SOURCE DATA:
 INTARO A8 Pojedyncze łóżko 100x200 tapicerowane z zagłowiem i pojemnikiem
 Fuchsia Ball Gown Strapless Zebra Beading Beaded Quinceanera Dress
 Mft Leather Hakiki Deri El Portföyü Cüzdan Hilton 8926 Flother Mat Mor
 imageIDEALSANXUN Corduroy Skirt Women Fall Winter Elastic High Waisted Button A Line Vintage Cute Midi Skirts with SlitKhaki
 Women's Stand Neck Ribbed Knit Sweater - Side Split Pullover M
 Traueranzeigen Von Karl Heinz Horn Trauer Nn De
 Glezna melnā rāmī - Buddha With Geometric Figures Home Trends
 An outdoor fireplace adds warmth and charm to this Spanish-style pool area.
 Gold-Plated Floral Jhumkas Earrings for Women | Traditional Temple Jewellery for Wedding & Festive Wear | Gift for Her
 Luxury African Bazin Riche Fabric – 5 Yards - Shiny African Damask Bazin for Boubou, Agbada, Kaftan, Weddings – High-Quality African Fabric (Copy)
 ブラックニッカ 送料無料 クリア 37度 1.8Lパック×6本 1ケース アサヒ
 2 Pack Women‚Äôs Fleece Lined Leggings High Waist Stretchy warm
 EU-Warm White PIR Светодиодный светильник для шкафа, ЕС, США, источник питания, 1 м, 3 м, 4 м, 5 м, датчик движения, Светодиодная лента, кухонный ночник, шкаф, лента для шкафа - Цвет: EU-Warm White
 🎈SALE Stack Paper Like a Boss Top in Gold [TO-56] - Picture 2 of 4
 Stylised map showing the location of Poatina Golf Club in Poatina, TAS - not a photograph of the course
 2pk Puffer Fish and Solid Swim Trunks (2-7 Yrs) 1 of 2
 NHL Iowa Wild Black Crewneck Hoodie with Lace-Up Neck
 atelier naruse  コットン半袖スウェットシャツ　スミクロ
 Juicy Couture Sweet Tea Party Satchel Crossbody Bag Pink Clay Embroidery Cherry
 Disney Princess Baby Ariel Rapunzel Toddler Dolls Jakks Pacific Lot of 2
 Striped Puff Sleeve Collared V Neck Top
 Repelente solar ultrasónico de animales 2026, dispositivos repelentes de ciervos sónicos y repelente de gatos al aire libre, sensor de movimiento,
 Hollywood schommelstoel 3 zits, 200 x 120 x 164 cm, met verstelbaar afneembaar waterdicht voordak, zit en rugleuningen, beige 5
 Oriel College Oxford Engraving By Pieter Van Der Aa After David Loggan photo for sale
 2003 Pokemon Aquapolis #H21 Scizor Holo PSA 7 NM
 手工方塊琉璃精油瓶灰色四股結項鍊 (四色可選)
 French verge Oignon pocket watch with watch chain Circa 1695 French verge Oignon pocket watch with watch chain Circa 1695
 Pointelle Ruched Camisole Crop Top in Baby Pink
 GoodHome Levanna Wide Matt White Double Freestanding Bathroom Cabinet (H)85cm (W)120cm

REQUIRED WORK: The line above containing "Luxury African Bazin", the line containing "2 Pack Women‚Äôs", and every line between them are to be transcribed exactly; no other line is wanted.

EXPECTED OUTPUT:
 Luxury African Bazin Riche Fabric – 5 Yards - Shiny African Damask Bazin for Boubou, Agbada, Kaftan, Weddings – High-Quality African Fabric (Copy)
 ブラックニッカ 送料無料 クリア 37度 1.8Lパック×6本 1ケース アサヒ
 2 Pack Women‚Äôs Fleece Lined Leggings High Waist Stretchy warm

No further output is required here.